脳卒中などの後遺症として生じる構音障害は、発話に必要な筋肉が麻痺し、患者のコミュニケーション能力と生活の質を著しく低下させる深刻な課題である。英ケンブリッジ大学などの研究チームは、喉の振動を感知して自然で流暢な発話を再構築するウェアラブルデバイス『Intelligent Throat』を開発した。実際の脳卒中患者においてその臨床的有効性が実証された。

本研究の核心は、超高感度な繊維型歪みセンサーと、大規模言語モデル(LLM)を高度に統合した点にある。このデバイスは、首に貼付するだけで、声帯の微細な振動と頸動脈の脈拍を同時に検知する。
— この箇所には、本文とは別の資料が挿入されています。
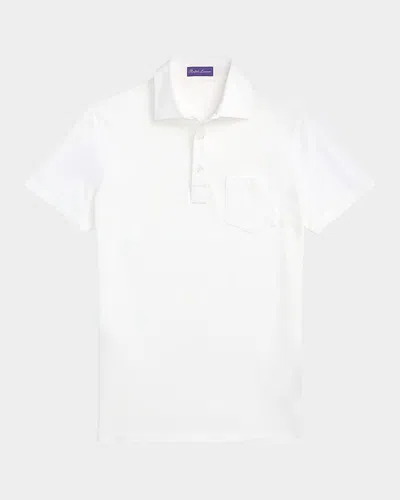 Ralph Lauren Men's Custom Slim Pique Polo Shirt In White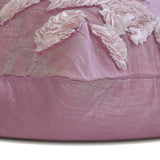 Leafy Pink - Pink Art Silk Decorative Euro Sham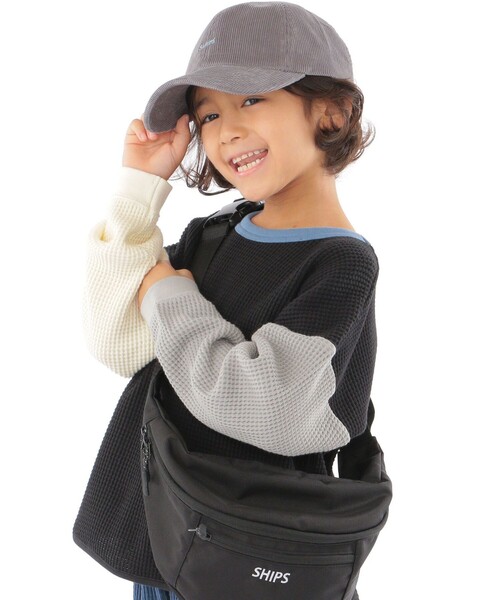 SHIPS（シップス）の「【WEB限定】SHIPS KIDS:100～160cm / ビッグ ワッフル 長袖 カットソー（Tシャツ/カットソー・キッズ・ブラック/ダークグレー/ナチュラル/キャメル・100/110/120/130/S/145/M/160）」の3枚目の写真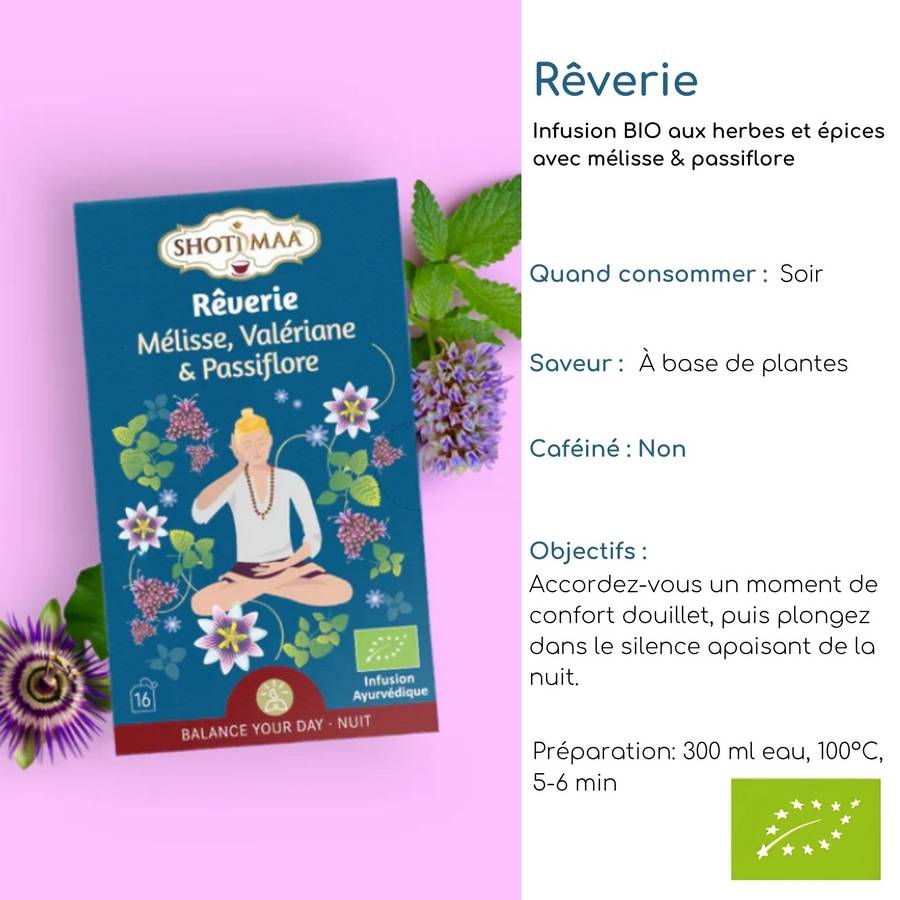 Tisane Bio Douce Nuit – Infusions Naturelles Relaxante et Calmante - Thé biologique Sans Caféine à base de plantes - Image 2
従来の技術と一線を画す新規性は、LLMエージェントが会話の文脈を理解して不明瞭な発音や言い間違いをリアルタイムで修正する機能に加え、脈拍データからユーザーの感情状態(興奮やリラックスなど)を読み取り、抑揚のある「感情豊かな音声」を合成できる点にある。

実際に5名の重度構音障害を持つ脳卒中患者を対象とした試験では、発症以来2年間流暢に話せなかった患者が、このシステムを通じて家族と自然な会話を交わすことに成功し、実用レベルの精度と即時性が確認された。

記事原文はこちら(The Medical AI Times』2026年2月5日掲載)
※記事公開から日数が経過した原文へのリンクは、正常に遷移しない場合があります。ご了承ください。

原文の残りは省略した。